Ciclo mestruale e gravidanza
Le condizioni fisiologiche legate ai diversi momenti del ciclo mestruale e della gravidanza producono sensibili variazioni nella concentrazione sanguigna di molte sostanze. Avvisate sempre il laboratorio dell’eventuale stato di gravidanza e, soprattutto se dovete eseguire dosaggi ormonali, comunicate la data delle ultime mestruazioni.

Farmaci
Comunicate al laboratorio se state seguendo una qualsiasi terapia o avete assunto farmaci nelle 24 ore precedenti.

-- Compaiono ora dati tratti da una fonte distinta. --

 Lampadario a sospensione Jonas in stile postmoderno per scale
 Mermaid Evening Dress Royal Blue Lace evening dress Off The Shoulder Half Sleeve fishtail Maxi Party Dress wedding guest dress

Rischi collegati al prelievo venoso

Il prelievo ematico venoso è un’attività a basso rischio che non rientra nella definizione di prestazione medica invasiva. Anche a seguito di una prestazione condotta perfettamente e nelle migliori condizioni sussistono alcuni rischi ineliminabili. Un evento comune durante il prelievo è la Lipotimia (svenimento), con il rischio di farsi del male cadendo, pertanto chi fosse a conoscenza di esserne soggetto è tenuto a comunicarlo preventivamente. Un altro rischio comune è la rottura della vena con formazione di ematoma, riassorbibile entro pochi giorni. Altri eventi seppur poco probabili sono: Sincope, Shock, o imprevista non sensibilità, Nausea, Vomito, Convulsioni, Infezioni.